Tivemos a oportunidade, com “Boca de Miséria”, de agregar e entrecruzar mais profissionais, alunos e artistas. Assim entraram na equipe de criação Daniel Castanheira com sua turma do Projeto Som, o professor de voz Celio Rentroya e o artista Lucas Wenglinski, que criou a música inicial com trechos do texto “Kadosh” especialmente para nossa montagem. Eu era louca pra este texto entrar no roteiro, mas nenhum ator se interessou, por mais que eu os estimulasse. Resolvi mandar o trecho para o Lucas musicar porque intui que ele amaria encarar este desafio. Não deu outra, graças! Ele compôs uma música lindíssima, forte, boa de cantar (embora difícil, deu muito trabalho, rs) numa mistura dionisíaca carnavalesca ZéCelsoHilstiana. Os alunos adoraram, olharam para aquele texto de maneira diferente, experimentando com a música o humor, o escracho e a criticidade de Hilda. (O trecho da música: “… taí, é isso. Pertencer, caber, é tudo que pertence, tudo que cabe, tu Dorotéia não pertences, então, e eu pertenço e cabo, olha que cabo muito bem em quem me pertence, ora, pertencer caber, viste os tomates, pois não caberam? e cabe-se onde se quiser ora se se cabe, digo-te eu que não há coisa onde não se caba, lembras-te do Bertoldo? pois então menina, não cabeu ele no caixão? e de minuto em minuto inchava, verdade que tudo cresceu de um jeito que nunca vi, mas no fim da tarde não cabeu? Então, e tem mais: cabendo não há problema, o filho que cabe na barriga, o ovo que cabe na galinha…”). Eu também aprendi muito com esta cena musicada-debochada-carnavalesca que inaugura nossa montagem. Aprendi que os alunos podiam desafinar, todos os parceiros me convenceram disto (Daniel, Lucas, Célio), mesmo que eu tentasse de todas as maneiras que eles tivessem ouvido, que eles se ouvissem, que eles se afinassem…

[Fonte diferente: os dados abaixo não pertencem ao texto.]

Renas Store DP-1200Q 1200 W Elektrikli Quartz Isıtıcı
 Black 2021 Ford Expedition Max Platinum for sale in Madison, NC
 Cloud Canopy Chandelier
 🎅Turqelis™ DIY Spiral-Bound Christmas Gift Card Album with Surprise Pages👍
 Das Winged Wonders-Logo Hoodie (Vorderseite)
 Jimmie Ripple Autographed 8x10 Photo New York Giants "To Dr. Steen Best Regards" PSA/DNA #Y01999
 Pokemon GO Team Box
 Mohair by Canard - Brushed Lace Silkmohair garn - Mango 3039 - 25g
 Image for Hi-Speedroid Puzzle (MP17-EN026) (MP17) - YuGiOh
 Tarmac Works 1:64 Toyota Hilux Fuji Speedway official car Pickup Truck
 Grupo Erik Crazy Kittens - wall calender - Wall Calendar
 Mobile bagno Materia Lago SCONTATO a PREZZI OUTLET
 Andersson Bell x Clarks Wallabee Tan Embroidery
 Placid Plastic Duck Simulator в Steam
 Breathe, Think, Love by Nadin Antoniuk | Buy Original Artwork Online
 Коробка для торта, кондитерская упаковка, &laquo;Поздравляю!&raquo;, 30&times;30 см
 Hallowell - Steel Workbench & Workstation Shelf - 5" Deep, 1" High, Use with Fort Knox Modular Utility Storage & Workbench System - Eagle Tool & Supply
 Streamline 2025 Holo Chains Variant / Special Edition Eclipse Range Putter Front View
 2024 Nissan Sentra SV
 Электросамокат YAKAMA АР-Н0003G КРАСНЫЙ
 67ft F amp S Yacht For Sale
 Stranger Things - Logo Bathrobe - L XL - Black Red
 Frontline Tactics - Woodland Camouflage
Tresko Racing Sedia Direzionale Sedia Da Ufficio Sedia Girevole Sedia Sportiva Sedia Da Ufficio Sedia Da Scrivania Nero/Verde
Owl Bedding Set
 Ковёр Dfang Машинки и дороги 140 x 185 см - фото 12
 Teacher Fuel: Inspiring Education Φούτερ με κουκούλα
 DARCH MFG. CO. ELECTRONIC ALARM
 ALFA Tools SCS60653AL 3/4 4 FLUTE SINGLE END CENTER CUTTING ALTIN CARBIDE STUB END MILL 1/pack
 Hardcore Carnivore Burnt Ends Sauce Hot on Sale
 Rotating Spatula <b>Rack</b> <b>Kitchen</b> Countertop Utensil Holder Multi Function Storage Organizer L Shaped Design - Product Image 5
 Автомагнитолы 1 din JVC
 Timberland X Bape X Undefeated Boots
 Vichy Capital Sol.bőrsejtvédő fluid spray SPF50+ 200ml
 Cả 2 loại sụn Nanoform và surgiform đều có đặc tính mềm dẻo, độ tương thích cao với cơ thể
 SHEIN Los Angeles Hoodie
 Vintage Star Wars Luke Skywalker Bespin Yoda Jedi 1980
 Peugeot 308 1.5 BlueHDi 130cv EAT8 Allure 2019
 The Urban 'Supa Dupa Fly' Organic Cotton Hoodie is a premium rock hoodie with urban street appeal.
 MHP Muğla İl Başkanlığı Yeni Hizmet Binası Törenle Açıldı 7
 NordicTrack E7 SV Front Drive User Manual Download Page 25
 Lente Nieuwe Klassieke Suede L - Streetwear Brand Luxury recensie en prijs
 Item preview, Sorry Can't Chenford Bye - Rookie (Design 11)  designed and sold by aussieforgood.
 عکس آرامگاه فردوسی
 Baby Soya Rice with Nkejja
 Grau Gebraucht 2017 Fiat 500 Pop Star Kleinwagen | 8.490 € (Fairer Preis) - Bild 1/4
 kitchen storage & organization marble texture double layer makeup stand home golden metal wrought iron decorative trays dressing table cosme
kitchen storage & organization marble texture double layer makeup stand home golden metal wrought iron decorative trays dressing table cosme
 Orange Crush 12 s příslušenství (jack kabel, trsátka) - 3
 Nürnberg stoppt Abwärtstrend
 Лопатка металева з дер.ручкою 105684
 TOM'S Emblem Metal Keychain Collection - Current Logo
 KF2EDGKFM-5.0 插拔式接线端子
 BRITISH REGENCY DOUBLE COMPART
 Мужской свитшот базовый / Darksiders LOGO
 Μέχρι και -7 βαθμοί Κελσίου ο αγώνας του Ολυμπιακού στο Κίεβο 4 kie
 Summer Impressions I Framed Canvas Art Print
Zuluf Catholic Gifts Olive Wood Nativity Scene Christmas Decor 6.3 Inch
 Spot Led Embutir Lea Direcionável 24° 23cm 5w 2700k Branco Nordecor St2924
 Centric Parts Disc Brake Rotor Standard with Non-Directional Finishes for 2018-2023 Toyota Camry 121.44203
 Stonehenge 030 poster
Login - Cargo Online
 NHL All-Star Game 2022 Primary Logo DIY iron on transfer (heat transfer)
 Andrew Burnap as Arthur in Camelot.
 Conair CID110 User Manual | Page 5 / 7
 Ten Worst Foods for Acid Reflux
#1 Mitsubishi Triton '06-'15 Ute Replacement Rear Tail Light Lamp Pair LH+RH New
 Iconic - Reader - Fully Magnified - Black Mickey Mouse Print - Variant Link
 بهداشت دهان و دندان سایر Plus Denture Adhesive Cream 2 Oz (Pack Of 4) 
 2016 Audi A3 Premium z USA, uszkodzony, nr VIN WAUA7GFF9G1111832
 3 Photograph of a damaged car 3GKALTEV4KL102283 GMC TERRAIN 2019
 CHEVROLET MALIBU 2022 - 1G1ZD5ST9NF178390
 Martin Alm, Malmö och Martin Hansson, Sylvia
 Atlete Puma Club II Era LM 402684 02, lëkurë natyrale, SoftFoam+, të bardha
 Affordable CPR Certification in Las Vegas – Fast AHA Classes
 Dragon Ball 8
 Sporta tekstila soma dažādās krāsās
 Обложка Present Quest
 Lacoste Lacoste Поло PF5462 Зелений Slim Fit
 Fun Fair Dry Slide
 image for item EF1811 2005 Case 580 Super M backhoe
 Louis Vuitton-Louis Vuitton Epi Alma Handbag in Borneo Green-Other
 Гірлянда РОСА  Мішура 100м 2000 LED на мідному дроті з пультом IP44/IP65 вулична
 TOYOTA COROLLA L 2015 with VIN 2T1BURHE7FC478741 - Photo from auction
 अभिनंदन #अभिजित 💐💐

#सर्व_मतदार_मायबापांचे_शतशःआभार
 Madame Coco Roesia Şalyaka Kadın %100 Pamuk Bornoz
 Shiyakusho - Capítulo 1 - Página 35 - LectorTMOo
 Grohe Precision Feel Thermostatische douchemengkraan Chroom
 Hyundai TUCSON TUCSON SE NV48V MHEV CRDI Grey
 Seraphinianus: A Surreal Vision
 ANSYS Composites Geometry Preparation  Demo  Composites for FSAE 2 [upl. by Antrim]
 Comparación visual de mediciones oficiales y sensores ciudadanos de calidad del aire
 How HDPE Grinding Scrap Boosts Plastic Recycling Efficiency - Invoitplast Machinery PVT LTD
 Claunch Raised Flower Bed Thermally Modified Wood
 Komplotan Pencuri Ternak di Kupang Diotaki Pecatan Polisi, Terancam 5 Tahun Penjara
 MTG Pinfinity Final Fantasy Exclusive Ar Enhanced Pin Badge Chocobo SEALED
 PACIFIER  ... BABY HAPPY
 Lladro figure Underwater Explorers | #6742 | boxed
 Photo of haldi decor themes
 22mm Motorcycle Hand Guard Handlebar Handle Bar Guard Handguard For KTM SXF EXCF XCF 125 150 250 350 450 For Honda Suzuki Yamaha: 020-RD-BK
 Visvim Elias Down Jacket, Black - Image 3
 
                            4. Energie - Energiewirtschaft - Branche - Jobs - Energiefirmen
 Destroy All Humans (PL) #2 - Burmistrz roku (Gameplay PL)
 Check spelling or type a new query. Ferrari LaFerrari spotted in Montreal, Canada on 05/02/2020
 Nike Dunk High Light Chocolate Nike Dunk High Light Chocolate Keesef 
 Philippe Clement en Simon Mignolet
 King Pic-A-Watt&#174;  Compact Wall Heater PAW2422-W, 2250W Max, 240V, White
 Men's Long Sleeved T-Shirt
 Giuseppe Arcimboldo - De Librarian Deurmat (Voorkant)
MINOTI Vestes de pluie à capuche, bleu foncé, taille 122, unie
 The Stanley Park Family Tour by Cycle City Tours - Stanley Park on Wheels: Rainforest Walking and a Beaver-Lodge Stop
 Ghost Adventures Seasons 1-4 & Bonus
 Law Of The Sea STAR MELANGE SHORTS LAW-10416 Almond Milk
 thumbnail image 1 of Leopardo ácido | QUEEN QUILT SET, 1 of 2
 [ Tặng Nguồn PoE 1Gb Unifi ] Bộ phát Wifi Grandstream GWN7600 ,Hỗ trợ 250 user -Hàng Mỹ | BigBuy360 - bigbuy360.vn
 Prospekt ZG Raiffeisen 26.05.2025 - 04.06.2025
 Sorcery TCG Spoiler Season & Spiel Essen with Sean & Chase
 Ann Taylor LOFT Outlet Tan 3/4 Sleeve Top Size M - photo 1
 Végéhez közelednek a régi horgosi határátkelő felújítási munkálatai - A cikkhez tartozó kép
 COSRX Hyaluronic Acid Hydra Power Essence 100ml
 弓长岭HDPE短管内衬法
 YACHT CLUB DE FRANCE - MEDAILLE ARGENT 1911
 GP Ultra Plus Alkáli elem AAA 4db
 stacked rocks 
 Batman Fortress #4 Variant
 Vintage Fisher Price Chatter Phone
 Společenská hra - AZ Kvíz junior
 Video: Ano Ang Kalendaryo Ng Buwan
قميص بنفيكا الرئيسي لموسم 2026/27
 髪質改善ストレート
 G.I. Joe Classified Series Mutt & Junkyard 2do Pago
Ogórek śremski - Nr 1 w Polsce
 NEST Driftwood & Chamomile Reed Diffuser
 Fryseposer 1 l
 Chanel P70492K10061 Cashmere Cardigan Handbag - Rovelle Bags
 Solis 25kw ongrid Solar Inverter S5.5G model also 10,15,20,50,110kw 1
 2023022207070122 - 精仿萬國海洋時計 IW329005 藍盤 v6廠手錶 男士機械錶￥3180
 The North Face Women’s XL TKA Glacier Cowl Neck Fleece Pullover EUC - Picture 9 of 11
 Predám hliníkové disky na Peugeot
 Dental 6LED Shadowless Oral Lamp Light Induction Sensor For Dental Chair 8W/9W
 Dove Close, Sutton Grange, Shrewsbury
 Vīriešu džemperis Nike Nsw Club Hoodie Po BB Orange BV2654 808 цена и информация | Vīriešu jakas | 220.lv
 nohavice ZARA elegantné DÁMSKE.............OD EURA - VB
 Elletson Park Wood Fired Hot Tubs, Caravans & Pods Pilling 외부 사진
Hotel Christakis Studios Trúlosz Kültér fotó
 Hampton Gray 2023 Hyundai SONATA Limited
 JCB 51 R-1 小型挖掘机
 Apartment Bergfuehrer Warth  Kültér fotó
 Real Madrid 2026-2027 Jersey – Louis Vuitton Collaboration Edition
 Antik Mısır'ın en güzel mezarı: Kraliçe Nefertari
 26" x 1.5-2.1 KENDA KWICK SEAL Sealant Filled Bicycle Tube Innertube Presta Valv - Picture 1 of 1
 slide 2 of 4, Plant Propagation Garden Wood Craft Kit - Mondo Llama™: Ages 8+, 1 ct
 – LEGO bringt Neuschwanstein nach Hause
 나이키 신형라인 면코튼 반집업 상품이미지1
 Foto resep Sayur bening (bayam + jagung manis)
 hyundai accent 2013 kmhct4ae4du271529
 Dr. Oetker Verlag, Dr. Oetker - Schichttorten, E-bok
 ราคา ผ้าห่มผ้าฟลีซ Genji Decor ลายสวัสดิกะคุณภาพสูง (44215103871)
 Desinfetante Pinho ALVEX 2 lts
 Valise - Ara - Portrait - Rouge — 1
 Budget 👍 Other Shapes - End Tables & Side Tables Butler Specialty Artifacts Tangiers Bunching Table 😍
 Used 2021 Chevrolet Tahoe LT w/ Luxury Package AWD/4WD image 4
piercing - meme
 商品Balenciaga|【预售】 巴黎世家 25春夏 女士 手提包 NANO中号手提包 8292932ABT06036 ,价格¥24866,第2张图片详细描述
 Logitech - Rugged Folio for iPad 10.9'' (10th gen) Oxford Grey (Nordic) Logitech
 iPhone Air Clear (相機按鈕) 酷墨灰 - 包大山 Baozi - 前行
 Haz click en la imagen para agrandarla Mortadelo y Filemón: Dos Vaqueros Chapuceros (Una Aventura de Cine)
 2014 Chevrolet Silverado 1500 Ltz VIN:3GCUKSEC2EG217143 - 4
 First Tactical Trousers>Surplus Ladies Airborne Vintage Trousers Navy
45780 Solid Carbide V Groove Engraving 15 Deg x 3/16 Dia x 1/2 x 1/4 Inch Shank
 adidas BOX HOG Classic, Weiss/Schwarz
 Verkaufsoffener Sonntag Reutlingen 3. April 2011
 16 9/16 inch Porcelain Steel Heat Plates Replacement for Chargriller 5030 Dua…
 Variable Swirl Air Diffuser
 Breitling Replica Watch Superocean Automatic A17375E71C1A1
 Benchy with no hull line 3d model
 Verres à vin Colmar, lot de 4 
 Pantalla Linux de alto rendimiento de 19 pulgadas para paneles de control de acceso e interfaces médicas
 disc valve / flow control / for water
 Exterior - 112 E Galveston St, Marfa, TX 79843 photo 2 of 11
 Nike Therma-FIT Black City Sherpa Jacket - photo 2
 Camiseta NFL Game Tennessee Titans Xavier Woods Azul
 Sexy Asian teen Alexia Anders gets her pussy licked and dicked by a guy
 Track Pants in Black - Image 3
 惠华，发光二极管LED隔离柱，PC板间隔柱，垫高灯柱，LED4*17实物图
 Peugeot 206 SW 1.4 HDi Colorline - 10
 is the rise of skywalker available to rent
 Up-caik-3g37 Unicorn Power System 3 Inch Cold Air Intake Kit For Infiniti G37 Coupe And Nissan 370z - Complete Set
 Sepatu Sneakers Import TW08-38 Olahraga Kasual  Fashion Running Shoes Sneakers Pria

Na rua da vila pulsa o dionisíaco de Hilda. O final da montagem é perpassado por sua veia política, sarcástica, crítica. E as casinhas caem como uma luva para encenar Hilda, porque tensionam o linguajar árido e contundente da escritora com o estar muito próximo do público. Os espaços-casinha são pista falsa pelo fato aparente de poder agregar as pessoas no ambiente. Mas eles produzem um espaço desconcertante, pois níveis de tensão vão sendo produzidos. Campos semânticos, críticos, poéticos, políticos, vão se abrindo e atritando escárnio, espiritualidade, obscenidade, perplexidade, poesia, dor, vazio. A proximidade provocando estranheza, desconforto. Então, muito mais que agregar, aconchegar, as casinhas produzem atrito. Um lugar novo é produzido ali, pelos atores e espectadores inseridos no ato presente da experiência cênica, ou melhor, lugares – concretos e imaginários – como o do pasmo, o do riso, o do desconforto, o do estranhamento, o da criticidade, o da suspensão, o da solidão.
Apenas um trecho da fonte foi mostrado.